→ **Given records**:
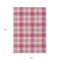 Homeroots 8' X 10' Blush Ivory And Copper Plaid Washable Indoor Outdoor Area Rug 597090 - alternate 5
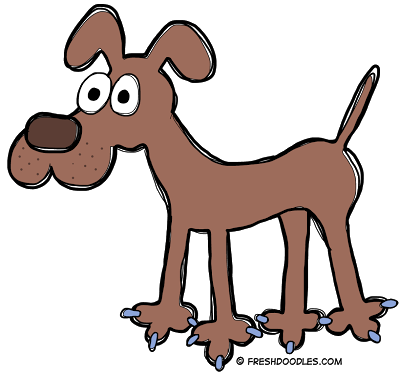 Love Dogs Clipart Credited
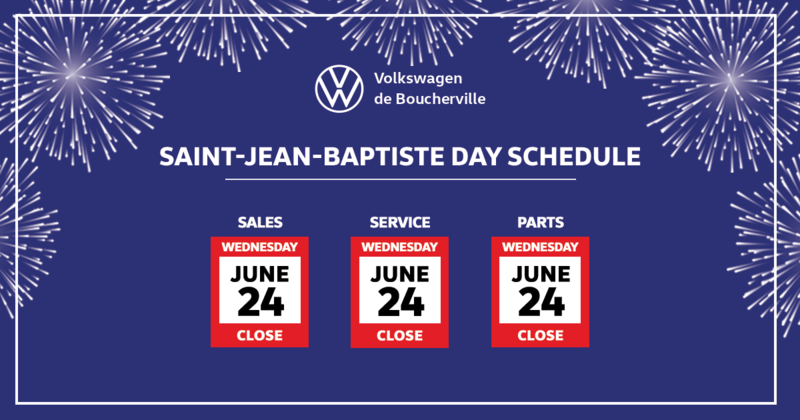 SAINT JEAN BAPTISTE DAY SCHEDULE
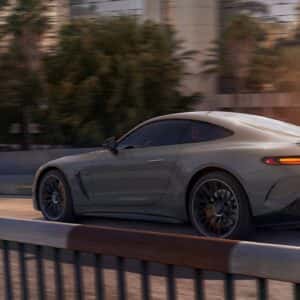 2026 Mercedes-Benz AMG GT Coupe Driver's Side View in Motion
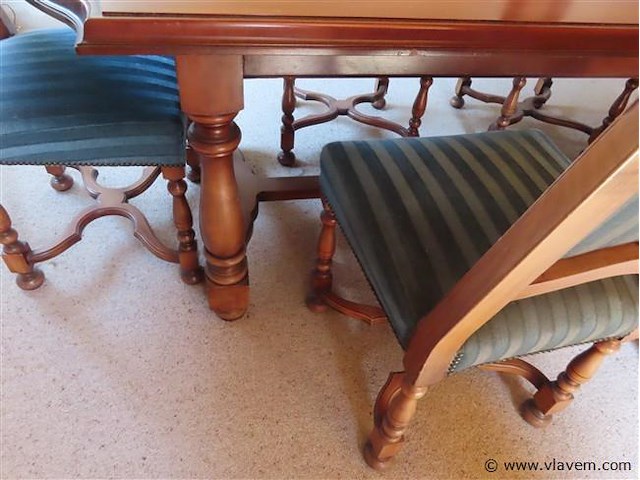Eetkamertafel en 6 stoelen - afbeelding 3 van  5
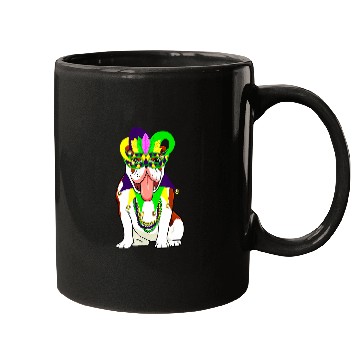 Discover English Bulldog Pet Mardi Gras Carnival Pet Mugs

→ **Try it**: Write out the listing above again, exactly, but with no pictures in the copy.

→ **Task solution**:
 Homeroots 8' X 10' Blush Ivory And Copper Plaid Washable Indoor Outdoor Area Rug 597090 - alternate 5
 Love Dogs Clipart Credited
 SAINT JEAN BAPTISTE DAY SCHEDULE
 2026 Mercedes-Benz AMG GT Coupe Driver's Side View in Motion
Eetkamertafel en 6 stoelen - afbeelding 3 van  5
 Discover English Bulldog Pet Mardi Gras Carnival Pet Mugs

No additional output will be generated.